Bir devletin merkezini tayin için esas olacak mülahazat, yeni Türkiye’nin makarr-ı idaresi Anadolu’da ve Ankara şehrinde intihab edilmek lüzumunu âmirdir. Mülahaza-i mezkure muahedename ile Boğazlar için kabul edilen ahkam, yeni Türkiye’nin esas-ı mevcudiyeti memleketin menabi-i kuvvet ve inkişafını Anadolu’nun merkezinde tesis etmek lüzumunu, vaziyet-i coğrafiyye ve sevk-ül ceyşiyyenin müsaadesi, dahili ve harici emniyet ve istidadı hususunda mesbuk olan tecarüb ile hülasa olunabilir.
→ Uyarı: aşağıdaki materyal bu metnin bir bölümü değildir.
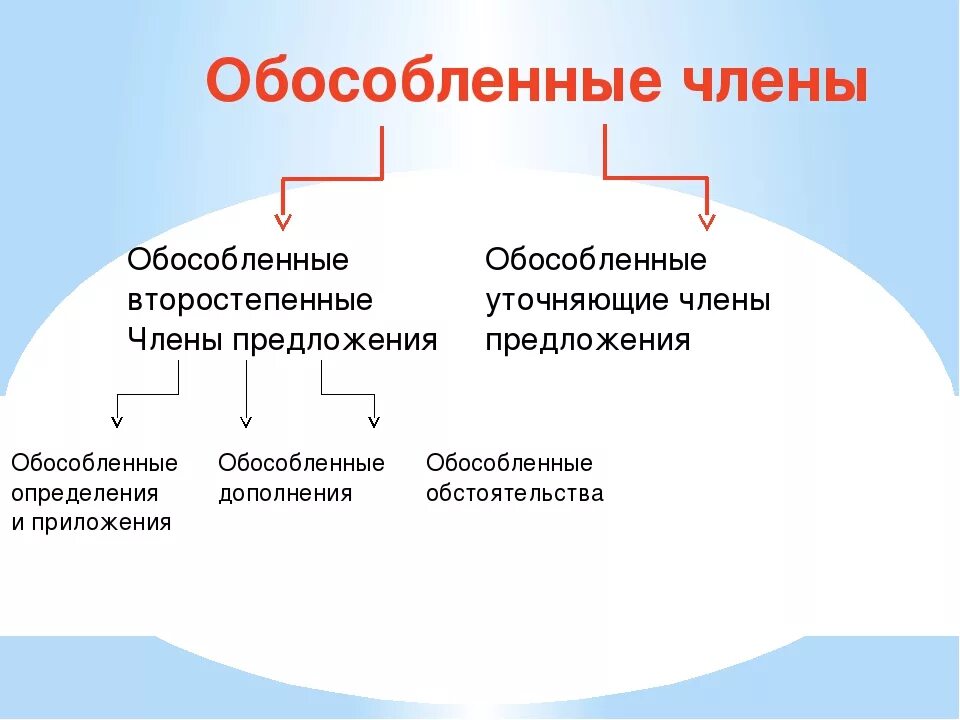 Контрольная работа по теме обособленные. Обособленные второстепенные члены предложения. таблица понятия об обособленных членах предложениях. обособленные члены предложения 8 кл рус яз. обособленные члены предложения схема.
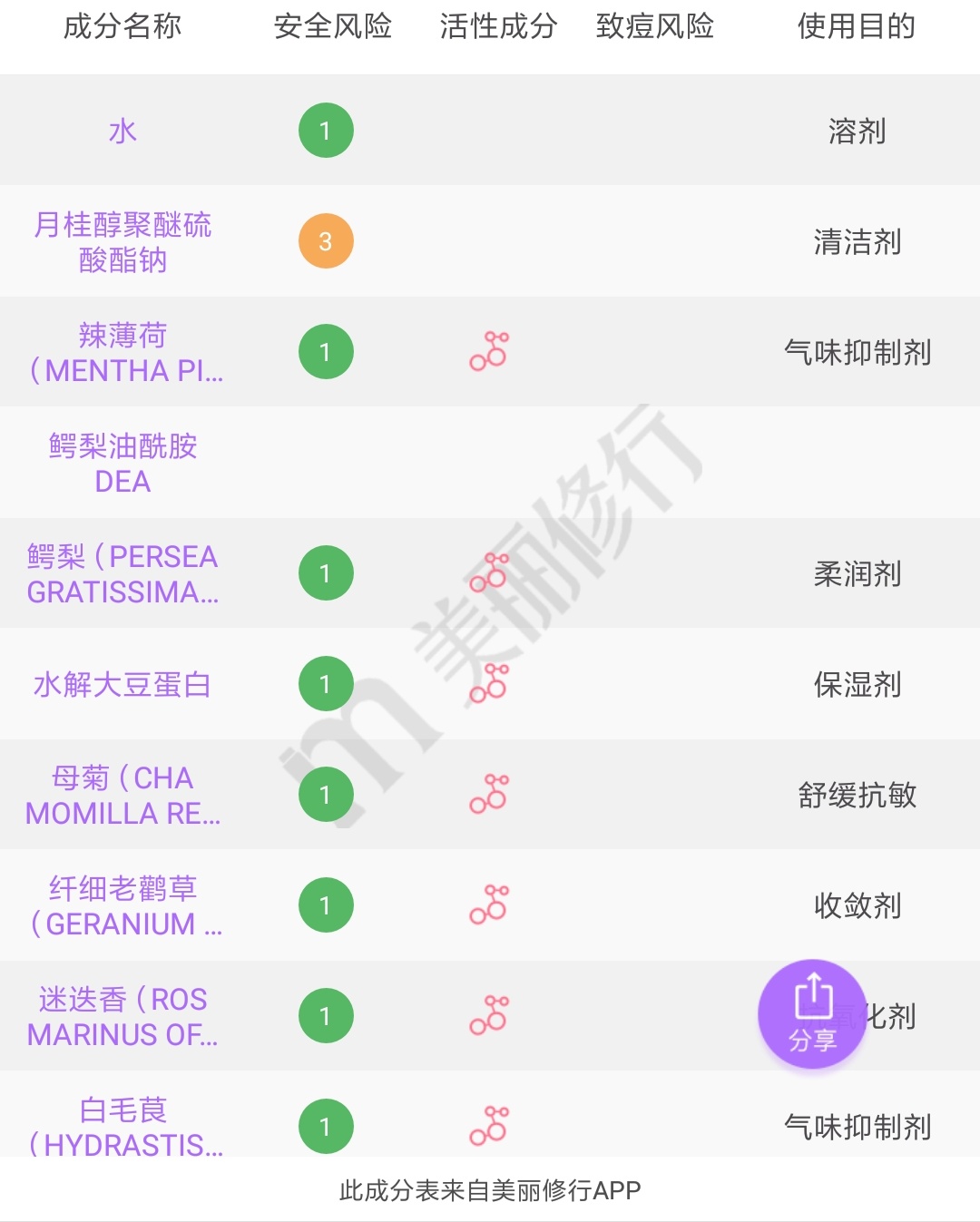 可以三天不洗头的洗发水推荐,可以几天不洗头的洗发水推荐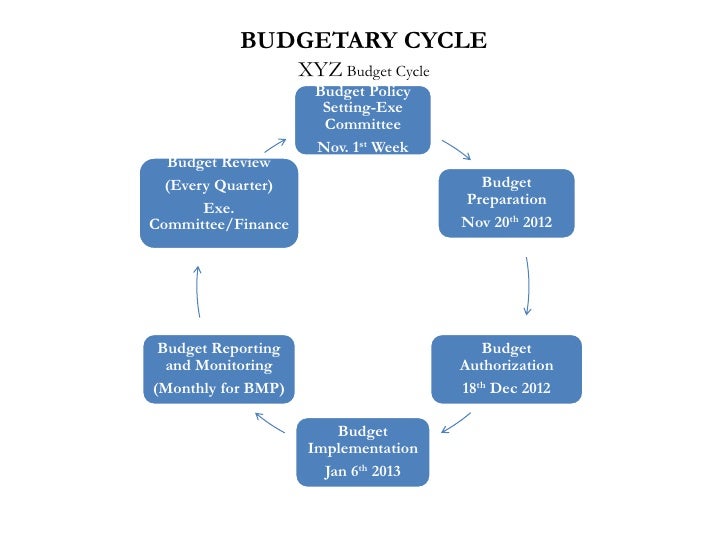 budgeting presentation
Bu mülahazatın her biri başlı başına bir ehemmiyet-i katıayı haizdir.
Devletin makarr-ı idaresinin yeni bir şekilde tesis ve inkişafına bir an evvel başlamak ve dahili ve harici tereddütlere nihayet vermek için âtideki madde-i kanuniyyenin kabulünü arz ve teklif ederiz.
9 Teşrinievvel 39 (1923)
Madde-i kanuniyye – Türkiye Devleti’nin makarr-ı idaresi Ankara şehridir.